There is still uncertainty about which aspects of cigarette smoking influence the risk of Chronic Obstructive Pulmonary Disease (COPD). The aim of this study was to estimate the COPD risk as related to duration of use, intensity of use, lifetime tobacco consumption, age of smoking initiation and years of abstinence.

Methods

We conducted an analytical cross-sectional study based on data from the EPISCAN-II study (n=9092). All participants underwent a face-to-face interview and post-bronchodilator spirometry was performed. COPD was defined as post-bronchodilator FEV1/FVC<70%. Parametric and nonparametric logistic regression models with generalized additive models were used.

Results

8819 persons were included; 858 with COPD and 7961 without COPD. The COPD risk increased with smoking duration up to ≥50 years [OR 3.5 (95% CI: 2.3–5.4)], with smoking intensity up to ≥39cig/day [OR 10.1 (95% CI: 5.3–18.4)] and with lifetime tobacco consumption up to >29 pack-years [OR 3.8 (95% CI: 3.1–4.8)]. The COPD risk for those who started smoking at 22 or later was 0.9 (95% CI: 0.6–1.4). The risk of COPD decreased with increasing years of cessation. In comparison with both never smokers and current smokers, the lowest risk of COPD was found after 15–25 years of abstinence.

Conclusion

COPD risk increases with duration, intensity, and lifetime tobacco consumption and decreases importantly with years of abstinence. Age at smoking initiation shows no effect. After 15–25 years of cessation, COPD risk could be equal to that of a never smoker. This work suggests that the time it takes to develop COPD in a smoker is about 30 years.

Keywords:
Pulmonary disease
Chronic obstructive
Tobacco
Cross-sectional
EPISCAN-II
Abbreviations:
Cig/day
COPD
FEV1/FVC
GAM
Post-BD
OR
Full Text
Introduction

According to the Global Burden of Disease, in 2019, 3.28 million people died from Chronic Obstructive Pulmonary Disease (COPD), ranking as the third leading cause of death worldwide.1,2 In Spain, COPD is considered the fifth leading cause of death in men and the seventh in women.3 In 2017, the prevalence of COPD in Spain was estimated at 11.8% in population aged 40 years and over.4

Tobacco consumption is the main risk factor for COPD5 and usually COPD caused by it is initiated by lung injury and abnormal lung repair processes.6 Aspects related to tobacco consumption such as duration, intensity, accumulated consumption, age of initiation or years of abstinence can influence the risk of developing this disease. Many of these variables have been extensively studied to analyze their influence on the risk of lung cancer. The two most studied aspects were smoking duration and intensity7–12 and most studies observed that smoking duration has the greatest influence on the development of lung cancer.8,9,13

Currently, it is not known whether smoking duration is more relevant than smoking intensity on the COPD risk. The available literature is limited and most research has focused on dividing the groups as current smokers or former smokers. Recent publications and editorials14–16 have highlighted the need for clarity to: (a) better explain how smoking influences COPD risk to have a better understanding of the molecular mechanisms and, (b) design effective tobacco control policies and interventions for smokers. The few studies available are cross-sectional studies focused on analyzing the impact of aspects such as smoking duration on COPD14,15 and a case–control study with a small sample size focused on analyzing the relationship between age at onset or smoking duration and COPD.17 Therefore, the relationship and influence of several aspects related to tobacco consumption are not clear.

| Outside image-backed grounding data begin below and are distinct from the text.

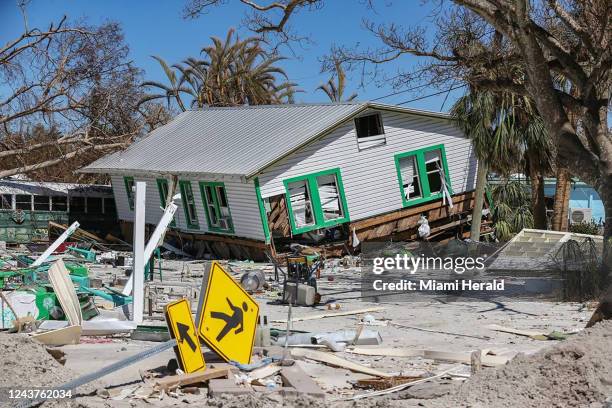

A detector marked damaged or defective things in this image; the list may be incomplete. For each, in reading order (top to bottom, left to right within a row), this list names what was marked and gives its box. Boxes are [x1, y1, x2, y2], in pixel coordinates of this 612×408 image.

damaged roof [81, 101, 452, 178]
damaged building [81, 102, 482, 260]
broken lumber [274, 308, 388, 324]
broken lumber [290, 350, 392, 378]
broken lumber [153, 366, 230, 392]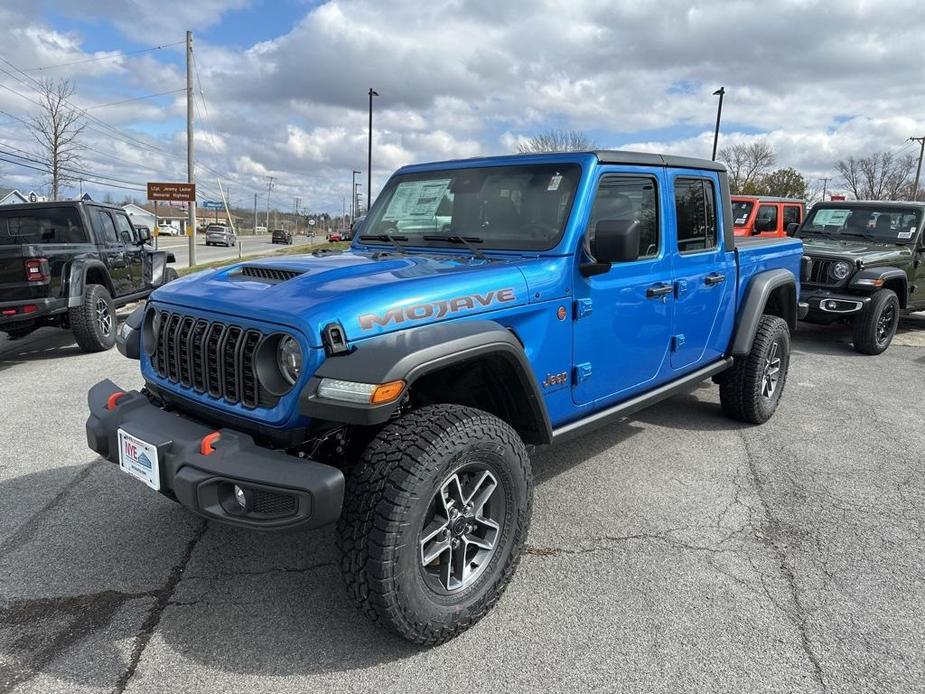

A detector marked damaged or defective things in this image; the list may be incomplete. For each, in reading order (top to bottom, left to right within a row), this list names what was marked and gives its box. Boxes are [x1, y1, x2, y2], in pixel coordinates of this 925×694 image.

crack in asphalt [112, 520, 208, 694]
cracked pavement [0, 316, 920, 694]
crack in asphalt [740, 432, 828, 692]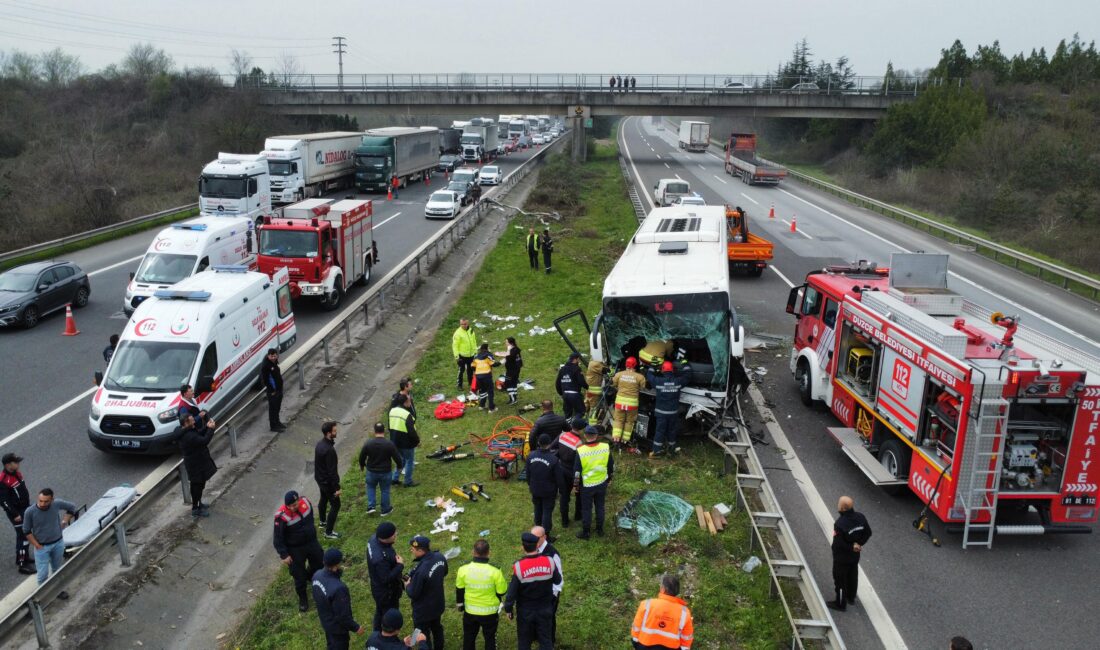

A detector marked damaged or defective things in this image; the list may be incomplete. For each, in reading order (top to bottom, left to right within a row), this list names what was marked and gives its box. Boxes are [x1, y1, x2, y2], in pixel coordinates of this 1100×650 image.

shattered bus windshield [602, 294, 730, 391]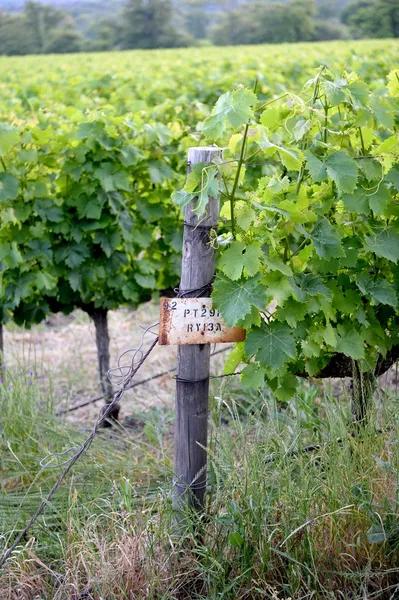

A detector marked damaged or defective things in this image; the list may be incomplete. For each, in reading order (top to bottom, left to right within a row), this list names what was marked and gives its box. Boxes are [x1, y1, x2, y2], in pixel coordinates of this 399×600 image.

rusty metal sign [158, 296, 245, 344]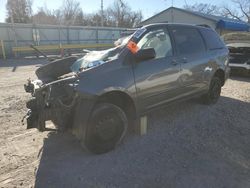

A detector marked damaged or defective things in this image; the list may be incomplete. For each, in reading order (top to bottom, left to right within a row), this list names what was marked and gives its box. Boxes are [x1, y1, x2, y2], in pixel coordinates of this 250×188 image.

damaged front end [23, 73, 78, 131]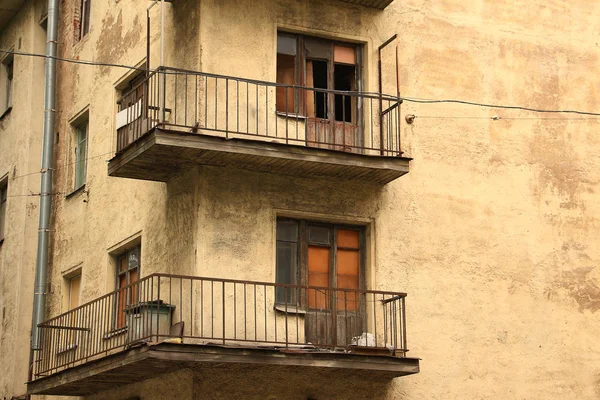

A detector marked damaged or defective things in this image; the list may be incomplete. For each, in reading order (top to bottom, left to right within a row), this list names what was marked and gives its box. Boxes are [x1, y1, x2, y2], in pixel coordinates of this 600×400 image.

rusted railing [114, 67, 400, 156]
rusted railing [31, 274, 408, 380]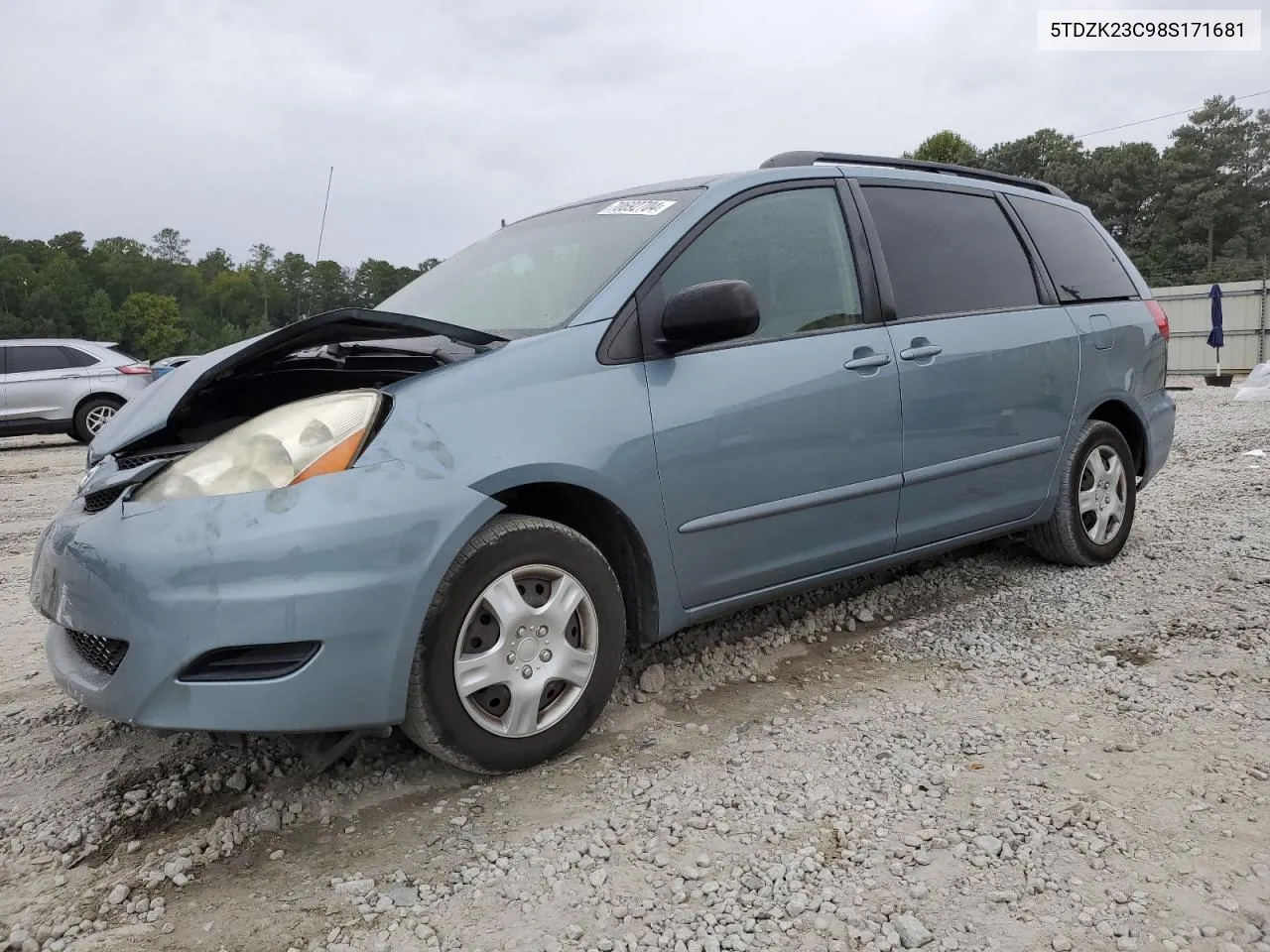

The objectives of this study are: (a) to estimate, with categorical and nonparametric models, the risk of COPD in current smokers compared to never smokers, related to smoking duration, smoking intensity, lifetime tobacco consumption and age at smoking initiation and (b) to assess how the COPD risk is reduced with the increase of years of cessation.

MethodsStudy design

An analytical cross-sectional study based on data from the EPISCAN-II study was conducted. This countrywide representative study was funded by GlaxoSmithKline-GSK to estimate COPD prevalence in Spain. The EPISCAN-II study was carried out in the Spanish population aged 40 years and older (n=9092) with twenty hospitals taking part from 17 Spanish regions. Therefore, it is a population-based multicenter study. Recruitment took place between April 2017 and February 2019. The EPISCAN-II protocol was previously published18 and registered at https://clinicaltrials.gov under no. NCT03028207 and at www.gsk-clinicalstudyregister.com/study/205932.

Definitions

All EPISCAN-II participants underwent forced spirometry according to the guidelines of the SEPAR Society. After about 15–30min of forced spirometry, a bronchodilator test was performed by inhaling 400μg of salbutamol. A 12% increase associated with a gain of 200ml was considered as criteria for bronchodilation. COPD cases were defined as those participants with forced expiratory volume in one second/forced vital capacity (FEV1/FVC) score<0.7 in post-bronchodilator spirometry (post-BD) and who did not have a previous diagnosis of COPD. All COPD cases were not previously diagnosed (incident cases). Participants without COPD were defined as people with a FEV1/FVC score0.7 and who did not have a previous diagnosis of COPD. A total of 219 participants classified by the post-BD as COPD subjects and 54 as non-COPD subjects were excluded in the present study because they had a previous diagnosis of COPD (prevalent COPD cases). This exclusion was due to avoid any change of tobacco consumption which might have happened in prevalent cases following COPD diagnosis and therefore give a biased information on the role of their smoking characteristics on COPD onset.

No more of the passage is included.